Peptide 23 is a newly identified protein secreted by rat pituitary cells in primary culture. Although the secretion of this protein is stimulated by GH-releasing hormone and inhibited by somatostatin, the N-terminal amino acid sequence of peptide 23 shows no homology to rat GH. Using the polymerase chain reaction technique, we cloned and sequenced the peptide 23 complementary DNA (cDNA). By means of the mixed oligonucleotide-primed amplification of cDNA technique, primers corresponding to the NH2-amino acid sequence of peptide 23 were used to amplify, clone, and sequence a 74-basepair cDNA of peptide 23. This polymerase chain reaction product was then used as a primer to amplify the complete peptide 23 cDNA by means of the rapid amplification of cDNA ends procedure. The cDNA of peptide 23 obtained by the rapid amplification of cDNA ends procedure contained 777 nucleotides and encoded a 175-amino acid protein with a 26-amino acid putative signal peptide. The calculated mol wt of the mature protein (16,613 daltons) was in good agreement with that estimated by polyacrylamide gel electrophoresis (16 kilodaltons). Northern blot analysis revealed a major messenger RNA species of about 0.9 kilobase and a minor species of about 1.7 kilobases in cultured rat anterior pituitary cells. In rats, peptide 23 was most abundant in the pancreas and gastrointestinal tract. A GenBank sequence search revealed complete sequence identity between peptide 23 cDNA and pancreatitis-associated protein cDNA, an approximately 73% homology with human hepatocellular carcinoma cDNA from human hepatocellular carcinoma, 64% homology with bovine pancreatic thread protein cDNA, and 55% homology with rat and human reg cDNAs, which have been reported to be expressed in regenerating pancreatic islets.
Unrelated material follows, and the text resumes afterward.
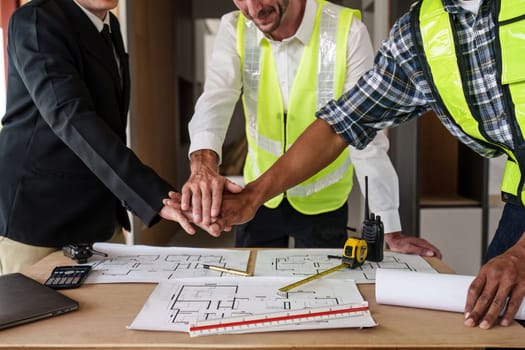 Architecture team stacking hands working together. Architectural plan, civil, engineer sketching a construction project concept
Therefore, peptide 23 is identical to pancreatitis-associated protein and a member of the C-type lectin supergene family.
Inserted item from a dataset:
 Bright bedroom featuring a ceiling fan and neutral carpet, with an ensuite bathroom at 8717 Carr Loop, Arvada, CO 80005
Age-related changes in peptide-23/pancreatitis-associated protein and pancreatic stone protein/reg gene expression in the rat and regulation by growth hormone-releasing hormone.
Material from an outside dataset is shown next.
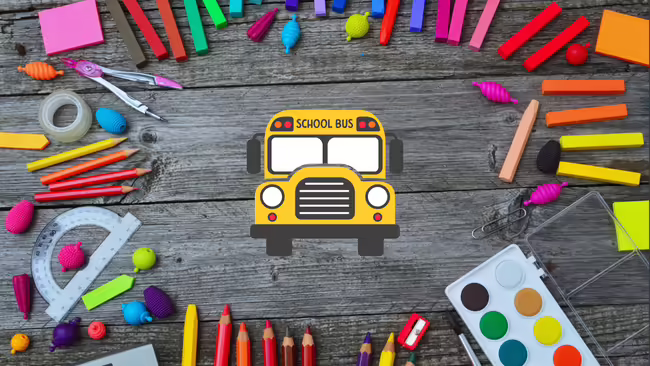 A school bus surrounded by school supplies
Peptide-23 is a 16-kilodalton protein secreted by rat pituitary cells that was first identified because it was regulated by GRF and somatostatin in a similar fashion to GH. Cloning of peptide-23 complementary DNA revealed that it is identical to pancreatitis-associated protein (PAP) and a member of the c-lectin gene family. We examined the expression of peptide-23/PAP and a structurally related protein, pancreatic stone protein (PSP/reg), in the rat gastrointestinal tract. Here we report age-related changes in the expression and GRF regulation of peptide-23. Both peptide-23/PAP messenger RNA (mRNA) and PSP/reg mRNA were virtually undetectable in the small intestine of newborn and 1- and 2-week-old rats. A dramatic increase in the expression of both genes was seen at the time of weaning in the third week postpartum. The abundance of both of these mRNA decreases after 3 and 6 months of age. Peptide-23/PAP mRNA is most abundant in the ileum, whereas PSP/reg is maximally expressed in the pancreas and duodenum. Human GRF analog pellets were implanted sc into adult male rats for 2 weeks to study the chronic effects of GRF on the expression of these genes. Both peptide-23/PAP and PSP/reg mRNA levels in duodenum and jejunum were increased in these rats compared with levels in control rats. However, no increase in peptide-23/PAP mRNA in response to GRF treatment was seen in the ileum, where the level of expression of this gene is very high, and GRF had no effect on peptide-23/PSP expression in the heart, pituitary, or hypothalamus, where expression is normally undetectable. In situ hybridization was used to localize peptide-23/PSP in the small intestine and pancreas of GRF-treated rats. An increase in peptide-23/PAP mRNA was restricted to acinar cells close to islets, whereas little expression was seen in acinar cells distant from islets, suggesting that either peptide-23/PAP may have some paracrine action on the islets, or alternatively, an islet-derived factor may function as a paracrine modulator of peptide-23/PAP expression. These data demonstrate that GRF modulates peptide-23/PAP expression in the gastrointestinal tract in a similar fashion to that previously reported for pituitary cells in primary culture.